Passport must be bound to traveler via biometrics
For more than a decade all foreign travelers to the U.S. have had to submit biometric data to gain entry to the country. These ten fingerprints and passport data are scanned at points of entry and run against databases to make sure travelers aren’t on a watch lists.
These precautions were put into place after the 2001 terrorists attacks on the U.S. but the Obama administration released new guidelines saying that further biometric screening may be required for travelers coming from any of the 38 visa waiver countries. Initially, the extra emphasis will focus on travelers that have visited Syria or Iraq in an effort to make sure that stolen travel documents aren’t used to enter the U.S.
Details of what this additional screening will look like are not yet known.

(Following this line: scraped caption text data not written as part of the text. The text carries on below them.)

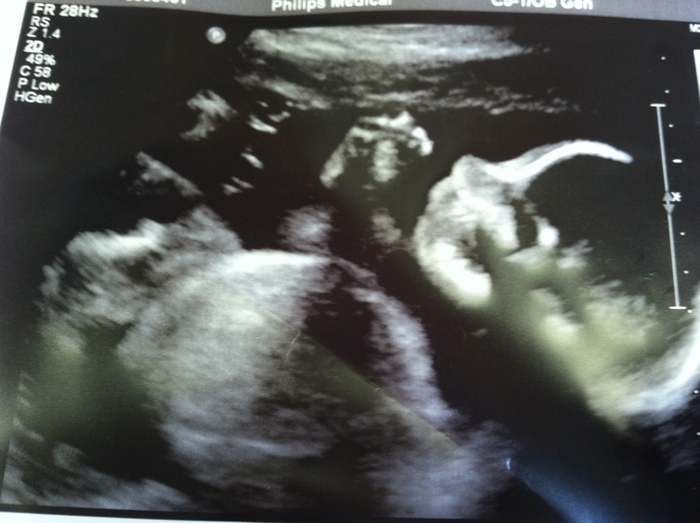 Luke, wk 23 - a little smooshed in the pic, but he's healthy & waving!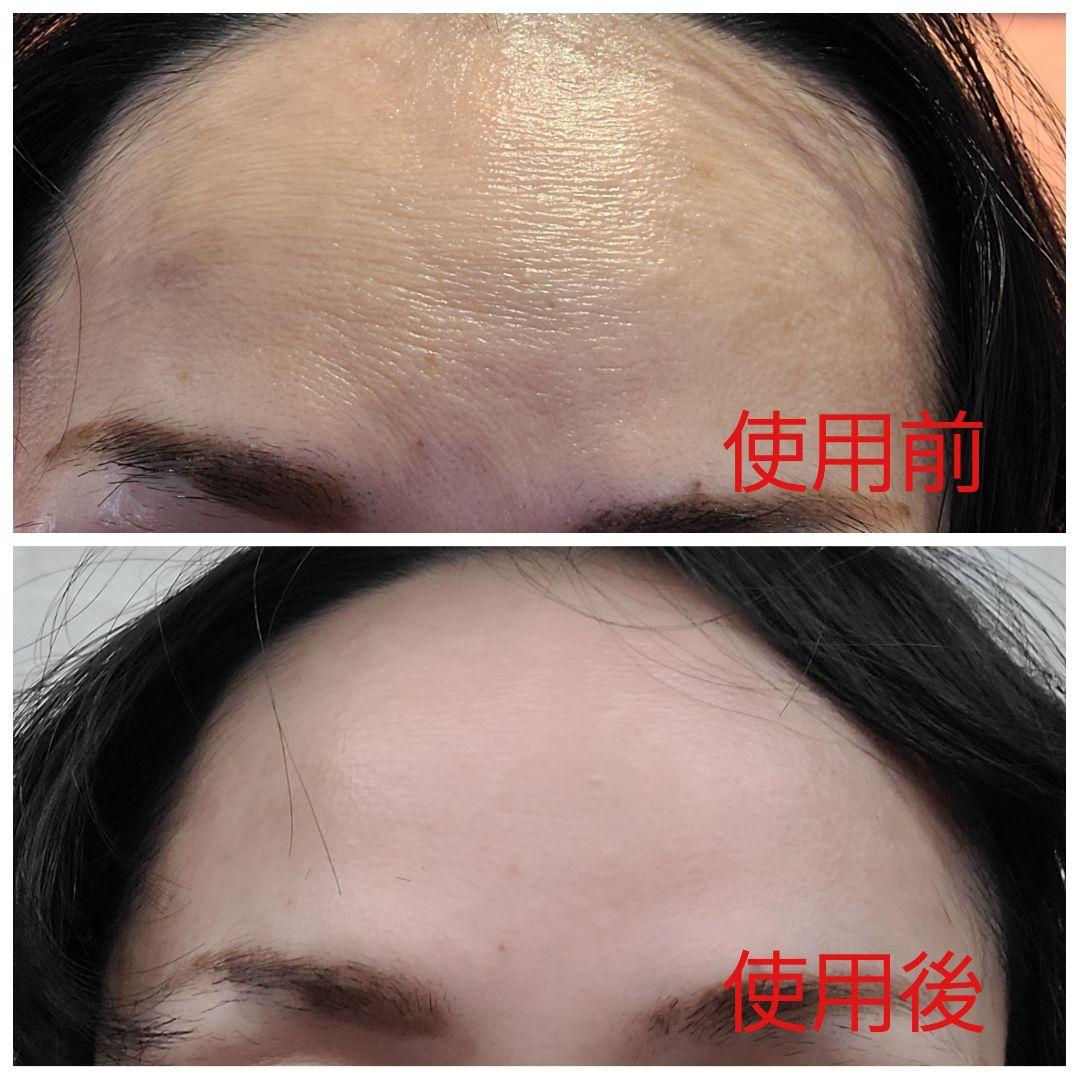 ヴィジョン・ド・ボーテ12個セット塗るボトックスおでこや目尻のシワに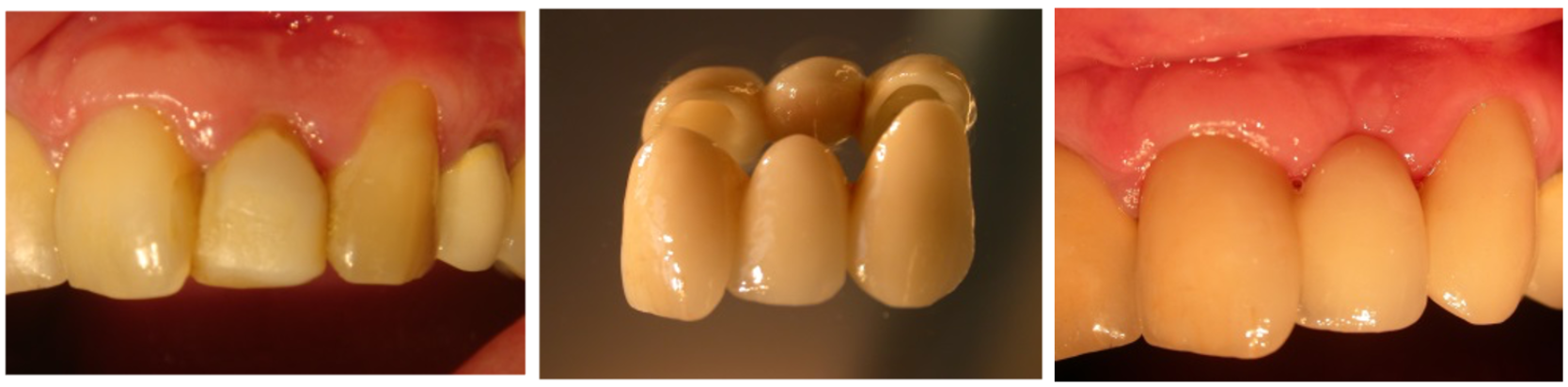 Un collage de trois photos des dents d'une personne
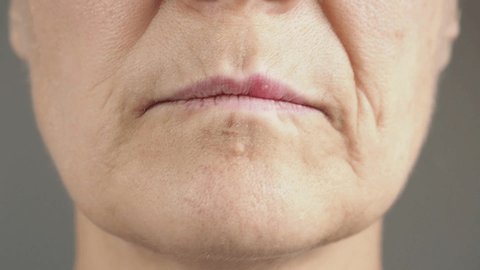Close-up of female lips affected by herpes. Woman spreading a healing cream on a sore spot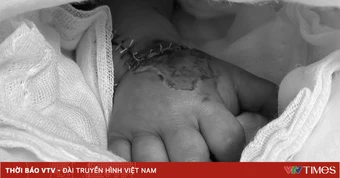 Nối thành công bàn tay bé 22 tháng tuổi bị đứt rời do máy dập cốc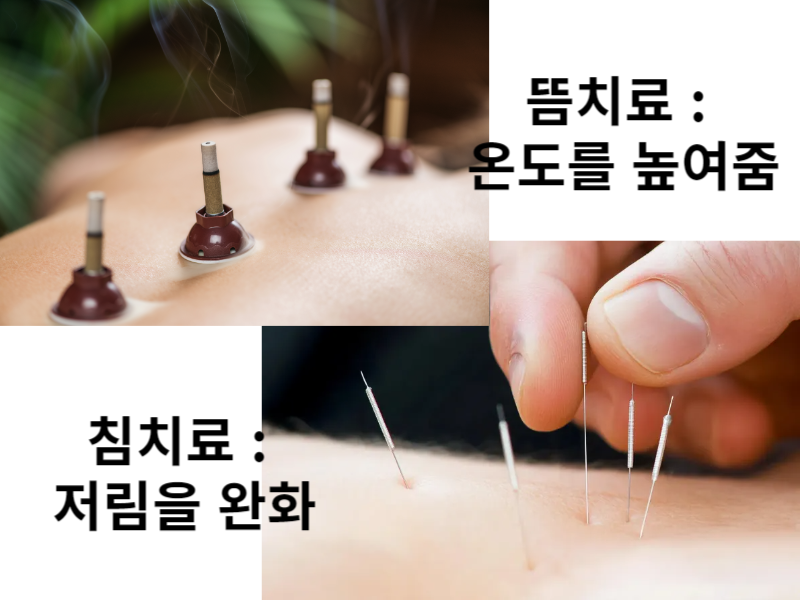 뜸 치료, 침 치료 이미지
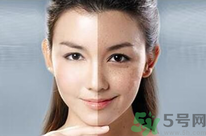 干性皮膚用什么洗面奶？干性皮膚該怎么保養(yǎng)？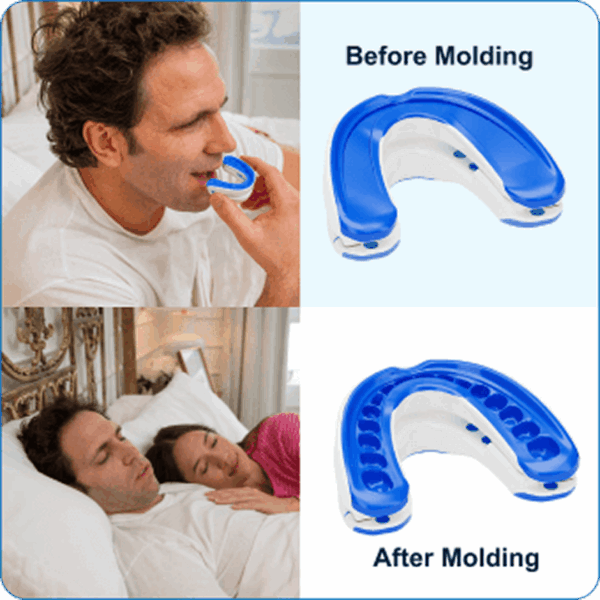 VitalSleep Anti Snoring Mouthpiece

Biometrics are currently captured from all foreign visitors to the U.S., it’s just captured earlier in the process for visitors from non-visa waiver countries.
Here is what the processes looks like for someone requiring a visa: The traveler starts the process by applying at a U.S. embassy or consulate. During pre-screening they submit fingerprints and a facial image and that data is checked against databases to make sure the traveler is not a threat. If everything checks out the traveler is granted a visa. The biometrics are once again checked at the border crossing prior to entry into the U.S. to make sure that everything matches the original record.
For a visa-waiver traveler the process is simplified. The visitor doesn’t have to visit an embassy or consulate and can just plan a trip. But at the border crossing the individual must submit a passport and fingerprint data that is checked against watch lists. If everything checks out the individual is allowed entry into the country.
Here’s the problem with the current system. The fingerprints should ideally be checked against those stored in the travel document to ensure the presenter is the legitimate owner of the document. The problem is many countries don’t store a biometric, other than facial image, on the passport chip. This means the fingerprints can only be checked against watch lists – a process that works great to find known terrorists but does nothing to stop unknown terrorists.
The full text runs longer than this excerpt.